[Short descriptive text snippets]
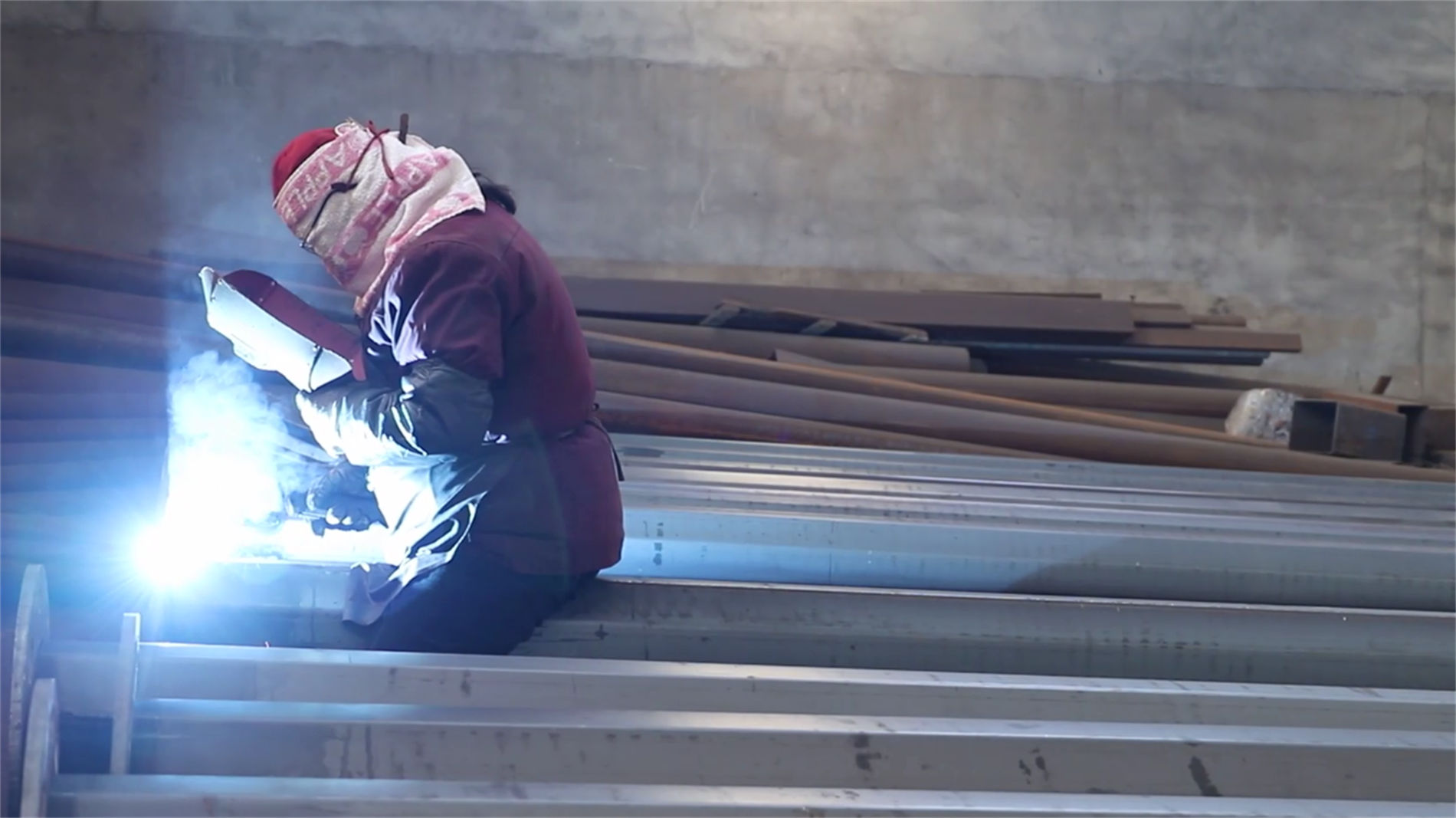 Automatic submerged arc welding of lighting pole components at Gtron Solar factory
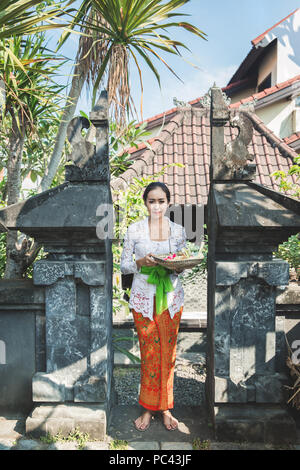 Femme portant des vêtements traditionnels balinais apportant canang sari Banque D'Images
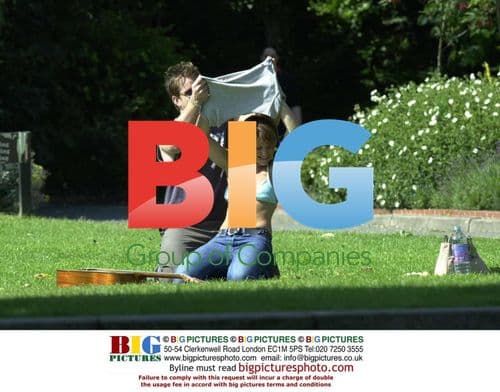 Harriet Scott and boyfriend John O'Mahoney out in London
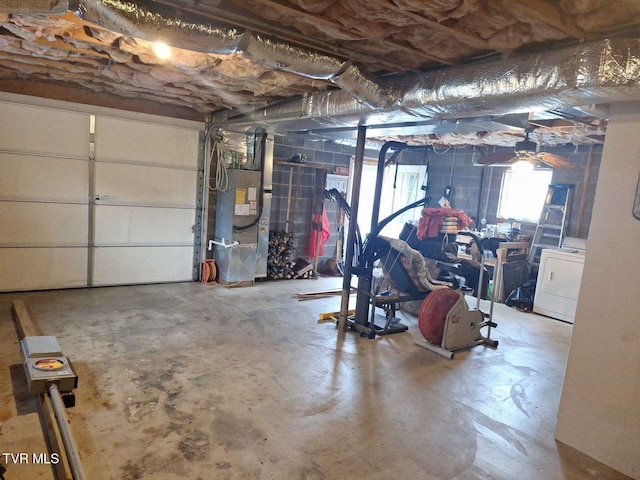 garage featuring washer / clothes dryer and heating unit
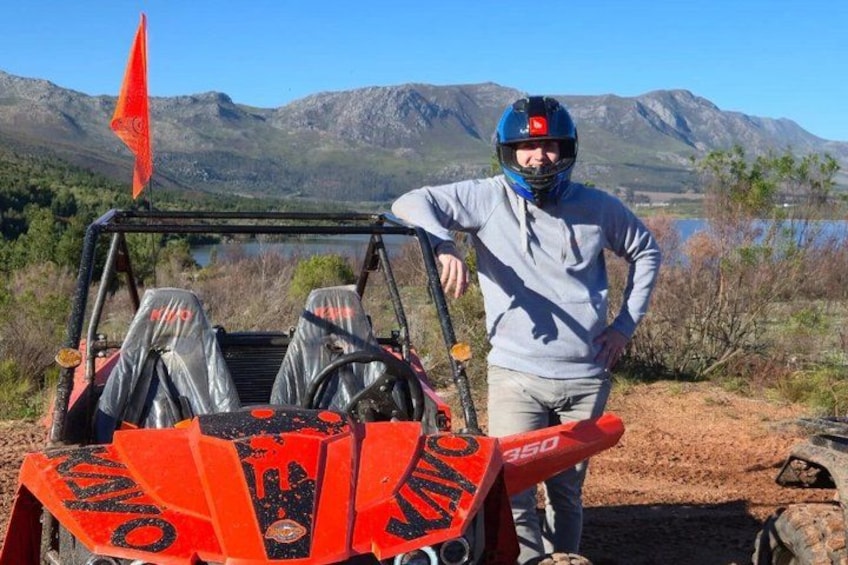 En person står ved siden af en dune buggy foran et bjergrigt landskab. 4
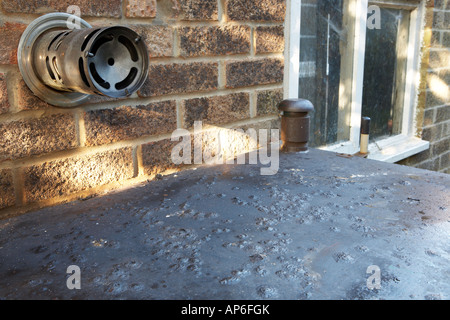 Alten rostigen Stahl inländischen Öltank gelegen neben Fenster, Schornstein und Wand- und nicht treffen Bauordnung erforderlich Stockfoto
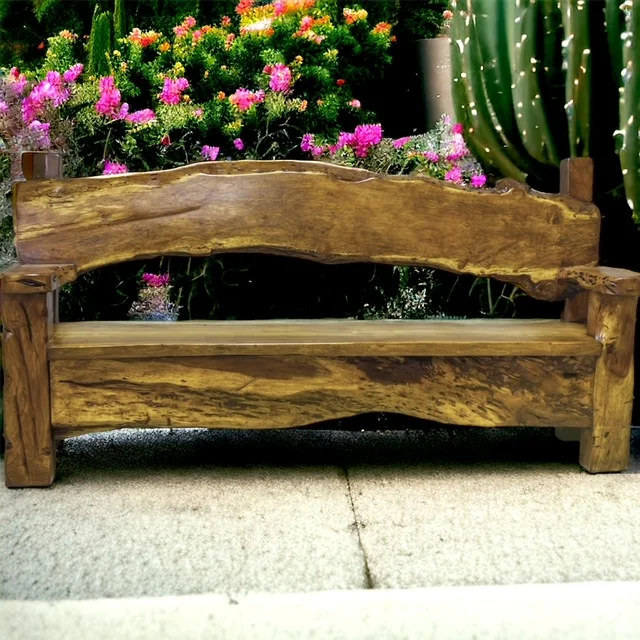 Live-edge wood bench with a sculpted back among flowering plants and cactus
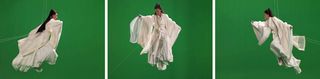 A woman wearing pale robes suspended in a flying pose in front of a green screen
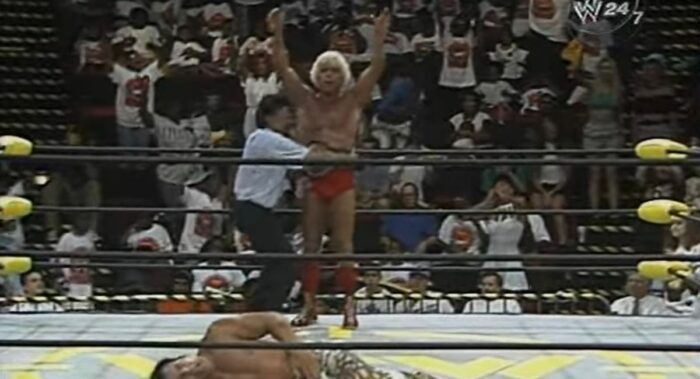 The ref straps the WCW World Title belt around Ric Flair's waist as Ricky Steamboat lies on the mat in pain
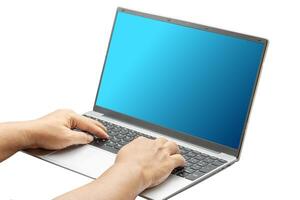 Person using a laptop with both hands resting on the keyboard photo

Description of the task: In the records above, find the line with "garage featuring washer" and the line with "Alten rostigen Stahl"; please transcribe exactly those two lines and all lines between them, omitting any picture.

Task answer:
 garage featuring washer / clothes dryer and heating unit
 En person står ved siden af en dune buggy foran et bjergrigt landskab. 4
 Alten rostigen Stahl inländischen Öltank gelegen neben Fenster, Schornstein und Wand- und nicht treffen Bauordnung erforderlich Stockfoto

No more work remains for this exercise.